Traveling commercially and on U.S. Navy warships, Grant visited ports of call throughout the British Empire, Europe, and Asia, including Britain, France, Egypt, the Ottoman Empire, Greece, Italy, the Netherlands, Germany, Scandinavia, Russia, Spain, Portugal, Gibraltar, Ireland, India, Singapore, Hong Kong, China, and Japan. Along the way, he met with monarchs, ministers, and average citizens, creating the model for the summitry and public diplomacy practiced by future American presidents and articulating concepts of national self-determination, international organization, and the peaceful settlement of international disputes decades before Elihu Root’s advocacy of binding international arbitration and Woodrow Wilson’s proposal for the League of Nations.
 
Campbell reveals Grant to be a skillful envoy who brought to his travels the deep interest in foreign policy issues he had shown during his administration. Grant confirmed the United States’ commitment to Anglo-American cooperation, demonstrated America’s interest in the territorial integrity of China, affirmed American faith in universal (male) suffrage as the basis for governmental legitimacy, and asserted the importance of an international order based on equality and justice for all states and their citizens.

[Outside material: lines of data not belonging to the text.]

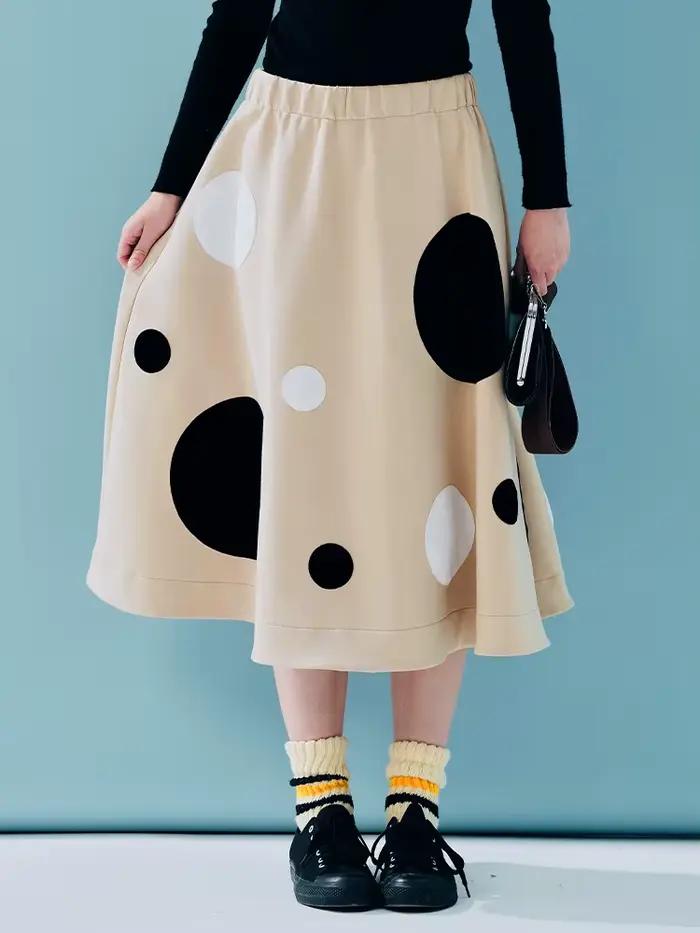Jupe polyvalente à pois en peluche IMAKOKONI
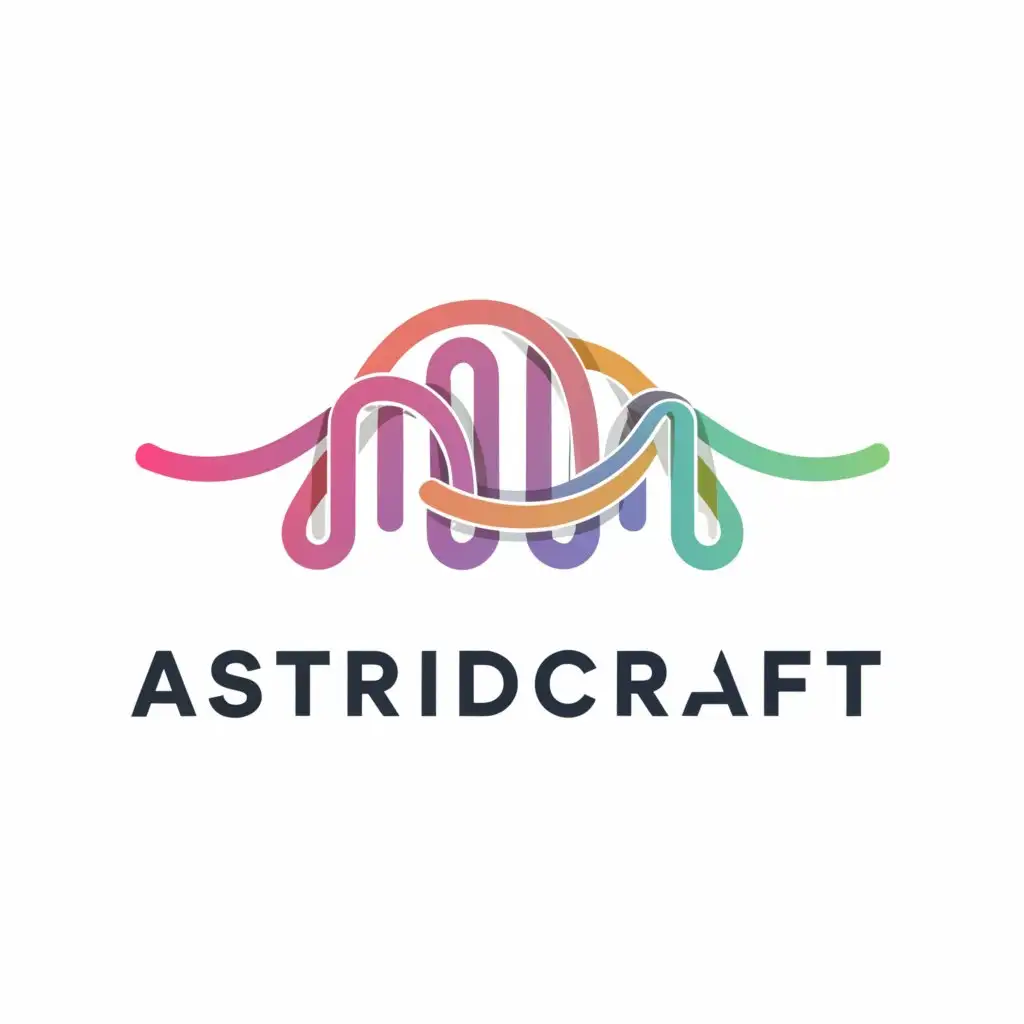 a logo design,with the text "AstridCraft", main symbol:Fantasy unique yarn of mountains,Moderate,be used in Beauty Spa industry,clear background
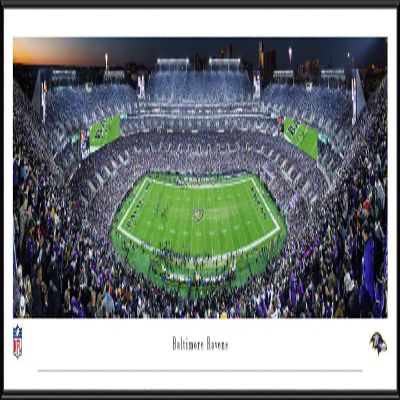 Baltimore Ravens Football - 40.25x13.75-inch Standard Framed Print by Blakeway Panoramas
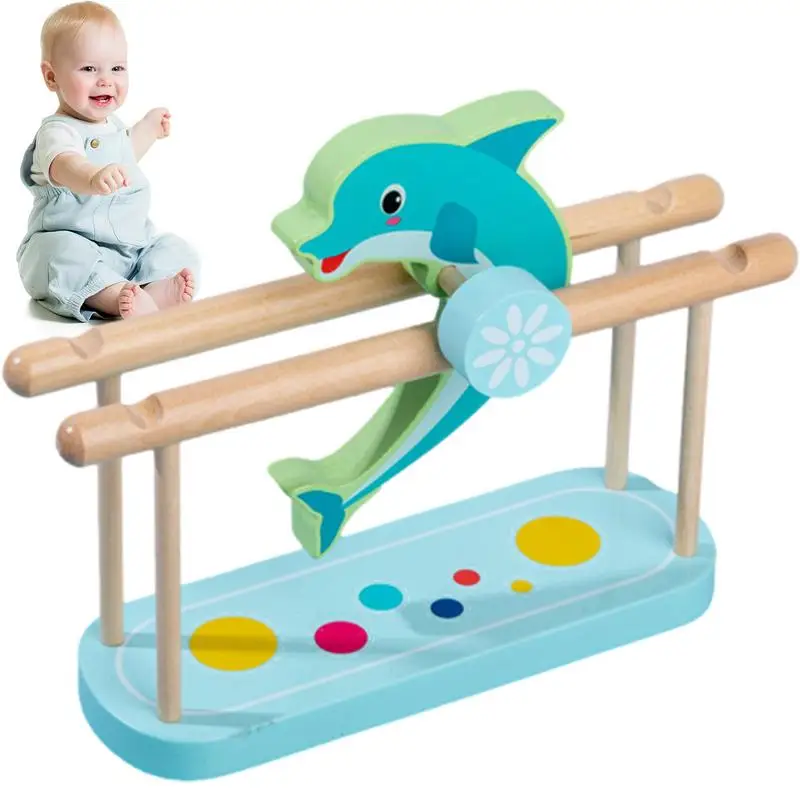 

Circus Toys Circus Clown & Dolphin-Themed Wood Rolling Toy Imaginative Play Montessori-Approved Travel Toy For Kids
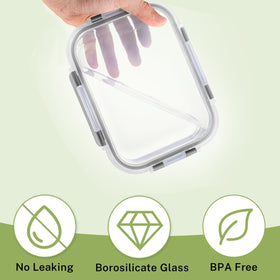 HOMBERKING square 150ml container compact for snacks and on-the-go meals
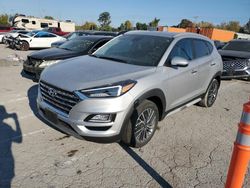 Salvage cars for sale at Bridgeton, MO auction: 2020 Hyundai Tucson Limited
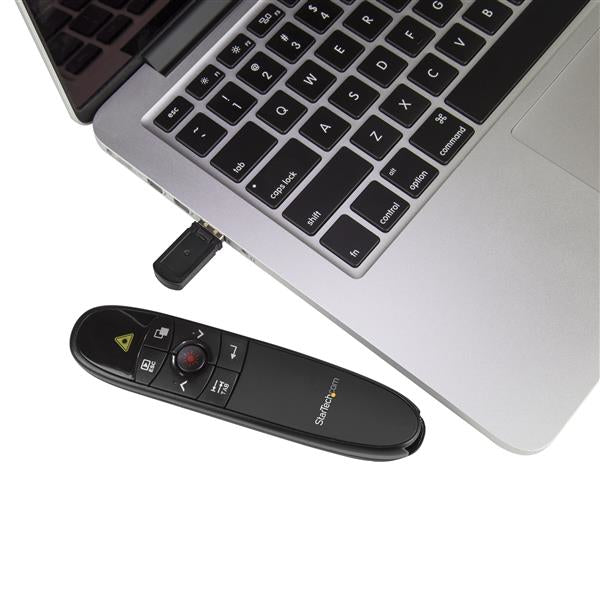 StarTech.com Télécommande de Présentation Sans Fil avec Pointeur Laser, Portée 27 m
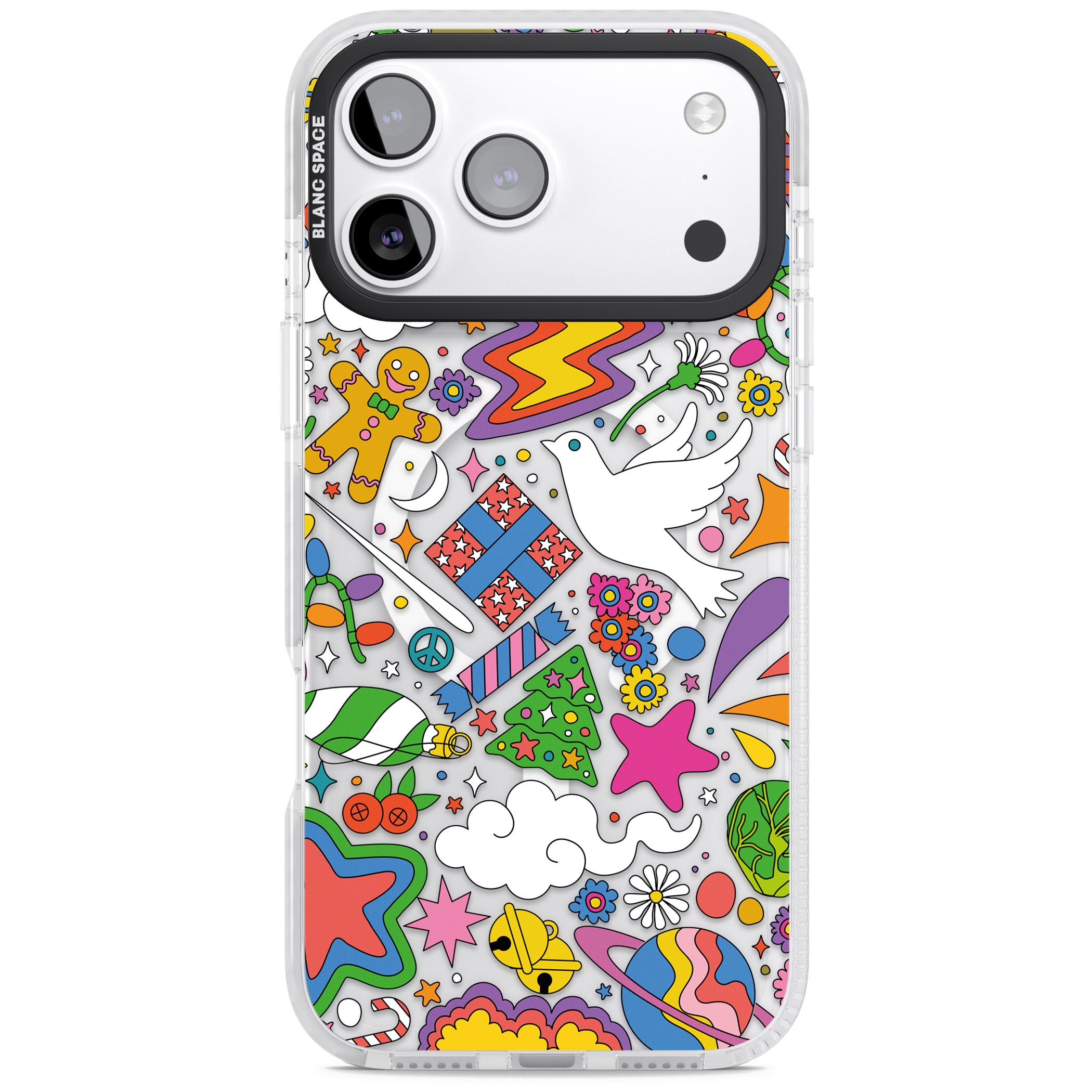 Whimsical Wonderland iPhone 17 Pro Impact Pro Clear Phone Case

Grant’s efforts shaped not only John Hay’s Open Door policy in 1899–1900 but also the broader American approach to twentieth-century international relations. Throughout the trip, Julia Grant proved essential to the success of her husband’s mission, and Campbell tells how the couple impressed people around the world with an enduring image of an American president and first lady.
 
By illuminating the significance of Grant’s often overlooked postpresidential travels, Citizen of a Wider Commonwealth establishes the eighteenth president as a key diplomat whose work strongly influenced the direction of future U.S. foreign policy and contributes substantially to the study of American international relations.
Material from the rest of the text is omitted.